The team was welcomed by student-ambassadors and served lunch at Copeland with presentations which included teacher Staci Jessup introducing them to the school’s web page for healthy activities and an explanation of the annual fun day events. Physical education teacher Ron Hill and third grader Emily Spicer talked with the group about healthy activity logs being kept by students, which is a county-wide activity in grades 3-8.
“A lot of our program is geared around being healthy rather than running wind sprints,” Hill told the group. “We did the logs as part of our homeroom activities. This is our first month going out so the information is just coming in. It’s not so much abut a grade. It’s about getting them doing stuff.”
Spicer answered questions from the group about information in her log and her mother, Assistant Principal Margaret Spicer, told them when her daughter got home in the evenings “she jumps out of the car and gets on her bicycle.” She said from a mother’s perspective, her daughter was excited about the activity program.
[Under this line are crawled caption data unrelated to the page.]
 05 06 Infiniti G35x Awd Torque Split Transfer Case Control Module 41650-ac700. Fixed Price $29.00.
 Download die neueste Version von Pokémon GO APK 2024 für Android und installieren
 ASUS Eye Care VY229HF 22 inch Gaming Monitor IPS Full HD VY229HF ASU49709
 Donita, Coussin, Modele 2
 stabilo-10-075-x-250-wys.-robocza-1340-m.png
Hill explained that much of American culture has been devoted to fitness only from an athletic standpoint, so activities supporting life-long fitness needed to be emphasized. Student Council President Elek Wyble, Audrey Poindexter, Jake Brettl and Clay Whitaker talked about running in 5K events.
“This is paradigm shift for educators as well as some parents,” said Principal Sandra Scott. “A lot of the information we give to parents like Body Mass Index (BMI) is new. We and parents are both getting better at processing it. This will not happen overnight. In a sense we are educating students and parents which is especially important with the national rates of childhood obesity and health issues.”
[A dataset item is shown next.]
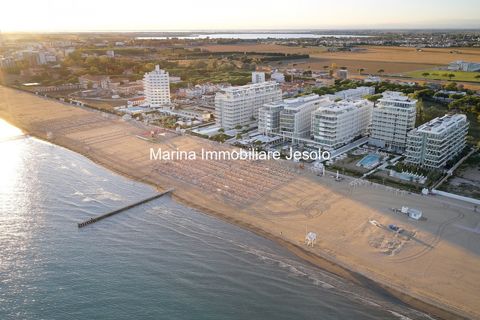 Lejlighed i Jesolo, Venice, Jesolo - € 780.000 | Ref: L 908 - foto 28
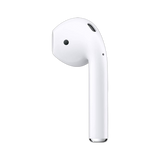 AirPods 2 - Links - Vervangend Linker Oortje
Teacher Tina Howlette, Wyuble and Laken Creed talked with Partners representatives about how the student council is helping to decide rewards as part of the Positive Behavior Support Intervention program as well as the direction of fundraisers and festivals. They said things such as 30 minutes extra of recess or healthy Wii activities were being substituted as rewards instead of candy.
“Most of the time we think of what kids our age here think,” said Wyble. “Teachers might not.” He told the group of how the “Change for Change” fundraiser at the school was a student idea which earned $260 to help pay for new playground equipment.
School District Nutrition Director Sherri Parks was also on hand to host the group to a lunch at the school showcasing healthy fare including lasagna, oven baked French fries and fresh fruits and salads.
“I’m very proud of our staff and all they do. We’re getting used to new nutritional regulations and changes,” said Parks. “We’re always trying to stay caught up because guidelines are constantly changing. I am proud of how we have been able to create healthier meals children will want to eat. People are so busy that children sometimes are not aware of healthy options because they don’t encounter them more often at home or in restaurants.”
Shoals Elementary used its grant money to purchase three electronic systems with physically active games software for its “Fitness on the GO” program. Westfield used its funding to create a fitness room with exercise equipment and an interactive gaming console. Copeland purchased new playground equipment with its $1,000 grant and took students on a field trip which included team building and new workout activities.